Most believe she was rejected by her fellow Samaritans because of her lifestyle.
She came alone and at an usual time.
She woke of thirsty, just like every morning. She needed water, but she didn’t want the stares and the judgement that seemed to go with her.
When she gets to the well, a tired and sweaty Jewish man asks her to get him a drink.
She didn’t expect that, men didn’t talk to women like that unless it was their wife.
Plus, Jewish people didn’t talk to Samaritans, especially not requesting a cup of water.
Who was this guy.
When she woke up that morning, she did not expect her life to be transformed.
She didn’t expect to meet someone who would redefine her existence.
When you walked in here today or click this video, you might not have expected to be confronted with a message that challenges you to rethink the motives and desires that drive your life. That call into question the hopes and plans you really think are eventually going to satisfy the thirst you have every day.
The woman at the well didn’t plan to meet Jesus that day, but, praise be to God that Jesus did plan to meet her.

Jesus BREAKS down BARRIERS to belief. (4:9-15)
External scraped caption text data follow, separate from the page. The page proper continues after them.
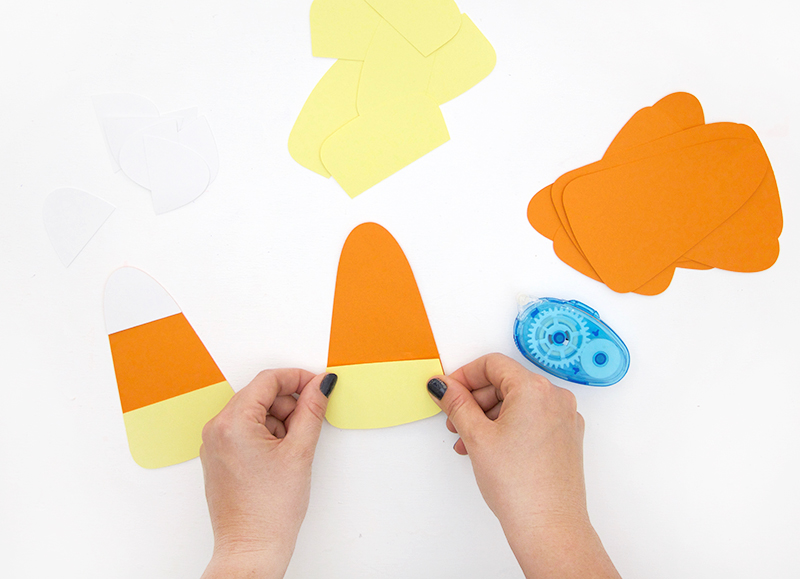 make candy corns - diy halloween candy banner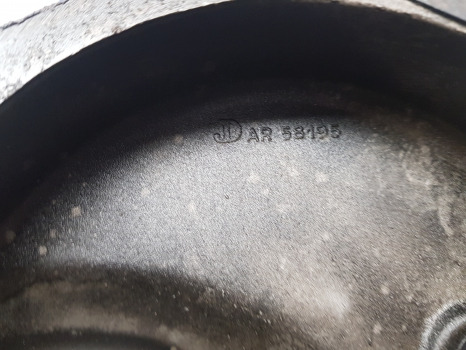 John Deere 1630, 2040, 2130, 2240, 2440 Engine Timing Cover At27105, Ar58196 - Engine and parts: picture 4 John Deere 1630, 2040, 2130, 2240, 2440 Engine Timing Cover At27105, Ar58196 - Engine and parts: picture 4
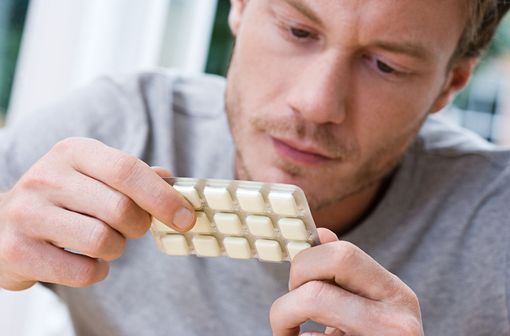 Les produits de substitution nicotinique peuvent aider les fumeurs à s'abstenir de fumer ou à réduire leur consommation de tabac en diminuant les symptômes de sevrage (illustration).
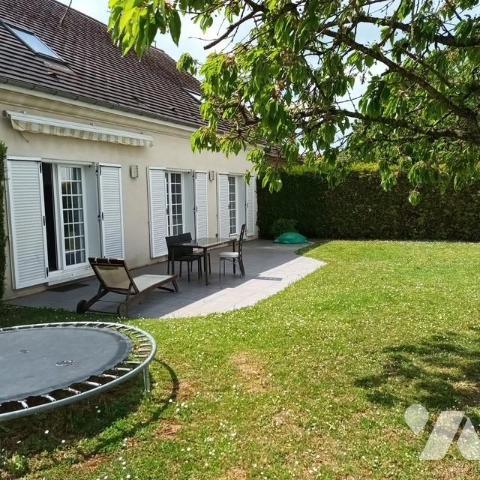 ORMES, maison de 6 pièces sur un sous-sol total avec un jardin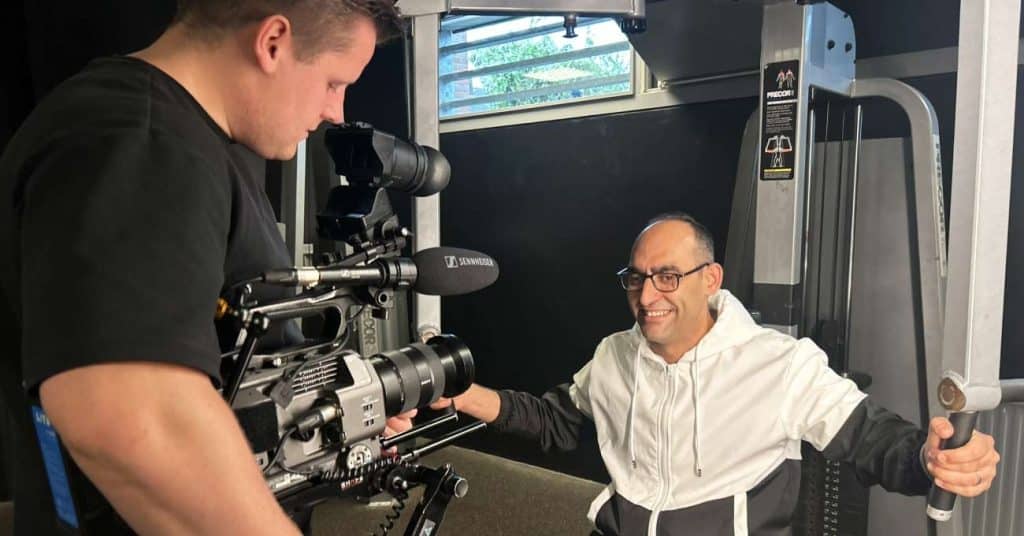 Portret van regionale participatiemaker Jaheed Andishmand in sportschool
The first barrier to her understanding who Jesus is was the divide between the Jews and Samaritans.
She is taken back by the fact that Jesus is even talking to her, let alone asking her to get Him water.
Who is this guy? He is different than any other Jew I have ever met.
Jesus’s answer pushes against her barrier.
“If you really knew who I was, you wouldn’ be asking that question, you would be asking for living water.”
If she really knew her bible, if she just knew the promises from God that are in there for her and anyone else who trusts in Christ, then she would be asking for water that would totally satisfy her thirsts.
The second barrier is her rational/analytical understanding of the world.
Jesus doesn’t have a bucket first off. How are you going to give me water if you don’t have a bucket.
Secondly though, Jacob’s Well was known to have the best water around, and here you are offering some kind of better water. Who do you think you are dude?
Jesus’s answer pushes against her rational arguments.
John 4:13–14 ESV
13 Jesus said to her, “Everyone who drinks of this water will be thirsty again, 14 but whoever drinks of the water that I will give him will never be thirsty again. The water that I will give him will become in him a spring of water welling up to eternal life.”
He isn’t talking about H2O anymore lady, He is talking about the thirst you feel in your soul.
She knew she was thirsty, just like everyone of us know when we are thirsty.
She went to the well because she was thirsty.
But her thirst shows up in more than her desire for water.
Actually, her desire for water only points to the physical side of a much deeper reality.
We are all thirsty for something that will satisfy us fully and completely.
It is why we work so hard to get more money in our bank accounts.
It is why we buy toys and stuff that we can’t afford because we really think this new thing is really going to be THE thing that satisfies us.
It is why we leave our wives or husbands because we have found someone new who will satisfy us more than our spouse.
It is why we look at those websites, drink more whisky, buy more drugs, binge more shows, play more games, and look for ways to escape, because we are THIRSTY!!
She was thirsty and she knew it, but she didn’t know what she was really thirsty for.
He had to break down the barriers that kept her from believing.
God is breaking down you barriers too.

Jesus EXPOSES her TRUE THIRST. (4:16-18)

“Give me this water so I don’t have to come everyday to draw water!”
Maybe she is getting it? Nah...
John 4:16 ESV
16 Jesus said to her, “Go, call your husband, and come here.”
I don’t know how Jesus knew this about her, but he exposes not only her sin, but the thirst behind her sin.
She was going from one man to another to satisfy her thirst for love, for acceptance, for sex, for affirmation, or whatever the reason was.
“If you want to quench your REAL thirst, then let’s look at the thing you keep going back to that keeps leaving you more and more and more thirsty.”
She asks for water and Jesus says “go get your husband, then we can talk.” For you maybe He is saying...
let’s look at your internet search history, then we can talk.
let’s look at your message thread with that person who isn’t your wife/husband, then we can talk.
let’s look at your bank account, then we can talk.
let’s look at your work hours, then we can talk.
Where are you going over and over to quench your thirst? Maybe it is one thing after another.
Are you tired? Have you realized that those things just are not ever going to satisfy you?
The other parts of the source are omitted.